In an article written on October 23, 2006, I had stated as follows:

'Does the Havana Agreement indicate a change in the policies hitherto followed by Pakistan? From a study of the statements and comments of Pakistani officials on the significance of the Havana Statement, the following points are clear: There has been no change in Pakistan's policy of not cooperating with India in respect of terrorism in Jammu and Kashmir. It continues to insist that what has been going on in J&K is a freedom struggle and that participants in the freedom struggle cannot be projected as terrorists.

'There has been no change in Pakistan's policy of denying the involvement of Pakistani nationals in acts of terrorism in Indian territory outside J&K.

'There has been no change either in denying the presence in Pakistani territory of the Indian Muslims and non-Muslims involved in terrorist acts of the past for whom red corner notices have periodically been issued by the Interpol.

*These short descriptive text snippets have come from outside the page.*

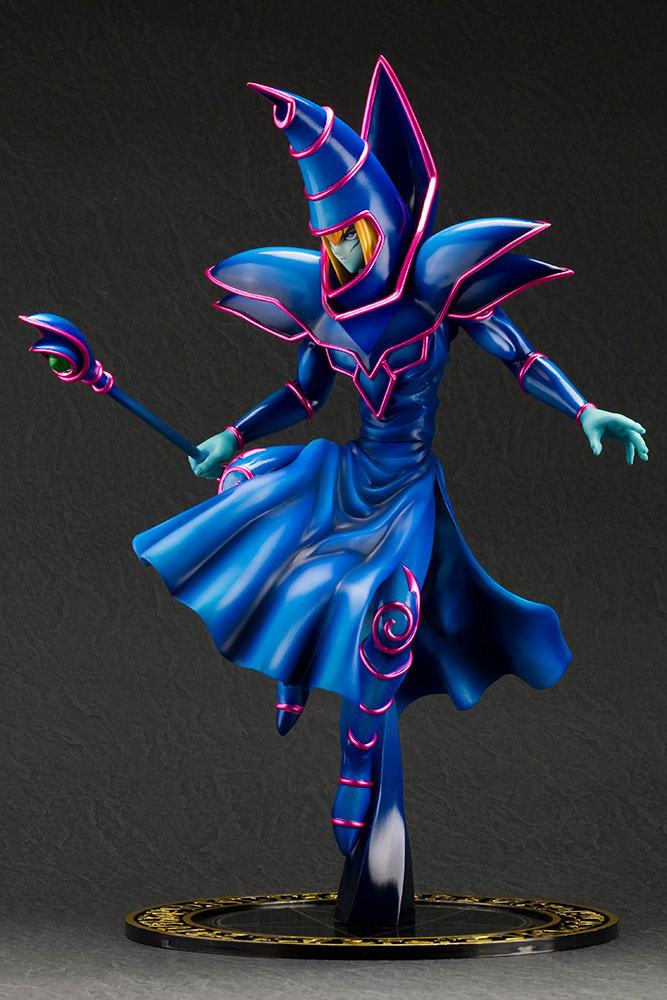 Yu-Gi-Oh! - Statue ARTFXJ Scale 1/7 Dark Magician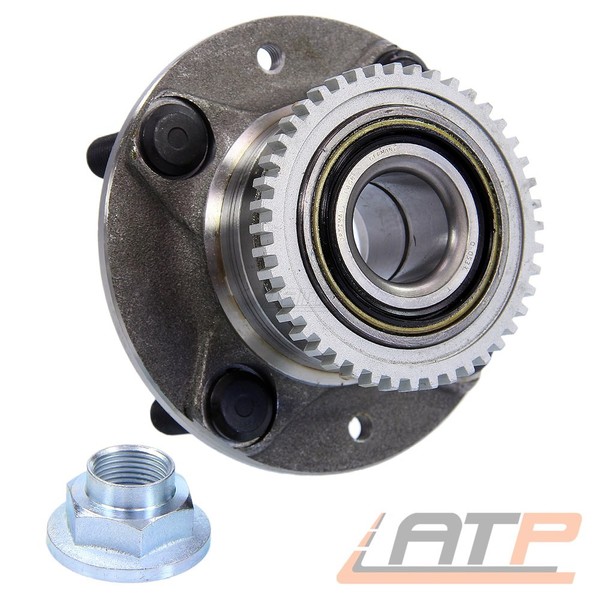 Radnabe Radlagersatz Radlager Satz Vorne FÜR Mazda MX-5 1 2 NA NB BJ 90-05-image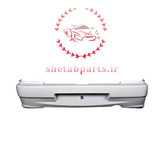 سپر عقب پراید 132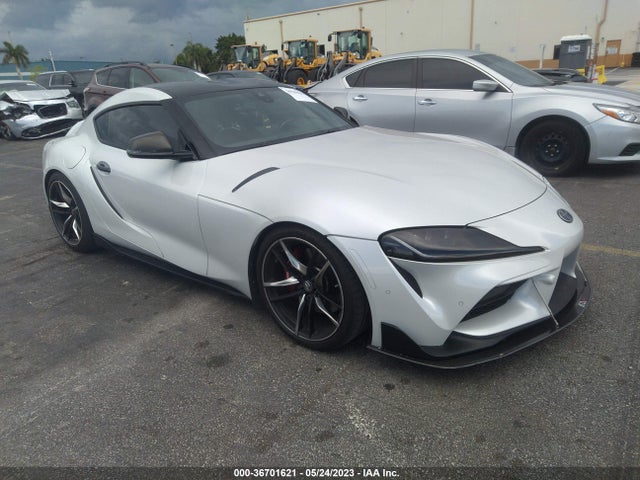 2020 Toyota Supra, VIN: WZ1DB4C08LW025035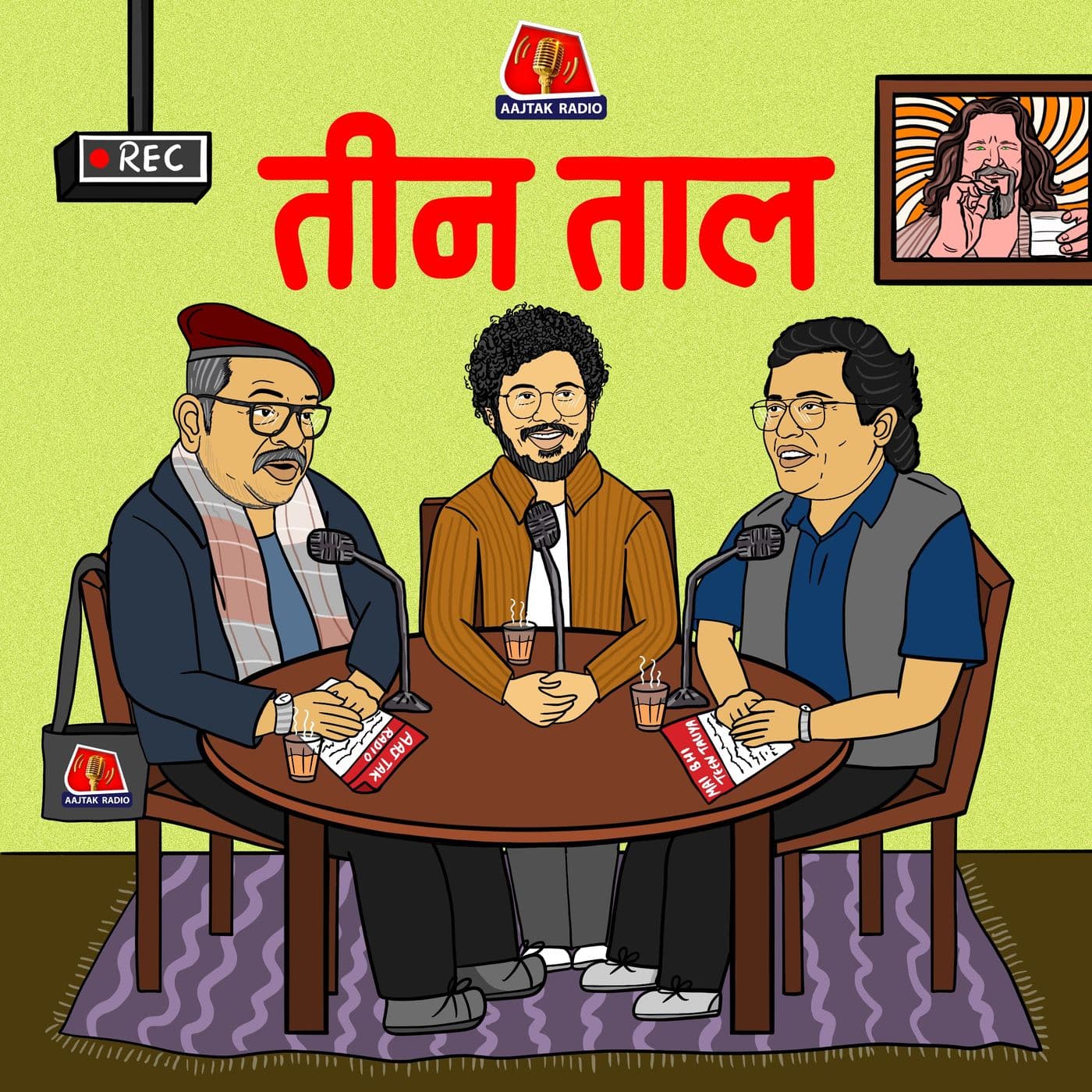 Teen Taal - Podcasts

'However, Pakistan has an open mind in respect of the Mumbai blasts of July 11, 2006, and future acts of terrorism, and might help in the Indian investigation if the evidence produced by India is satisfactory.

'Even this would depend on India's reciprocity in instances in which Pakistan seeks Indian assistance. There have been hints that Pakistan would expect this reciprocity in respect of its investigation of the acts of violence by the Baloch nationalist elements.'

In my article written on November 16, 2006, I had stated:

'Rushing into important decisions affecting national security without a careful examination of their implications and subsequently tying itself in knots while seeking to provide ex post facto justification for the decisions, when they prove controversial, have been among the defining characteristics of the present government in New Delhi.

'One saw an example of it in respect of the India-United States nuclear deal of July 2005. We are presently seeing another example of it in respect of the setting-up of a joint count-terrorism mechanism with Pakistan to consider counter-terrorism measures, including through regular and timely sharing of information.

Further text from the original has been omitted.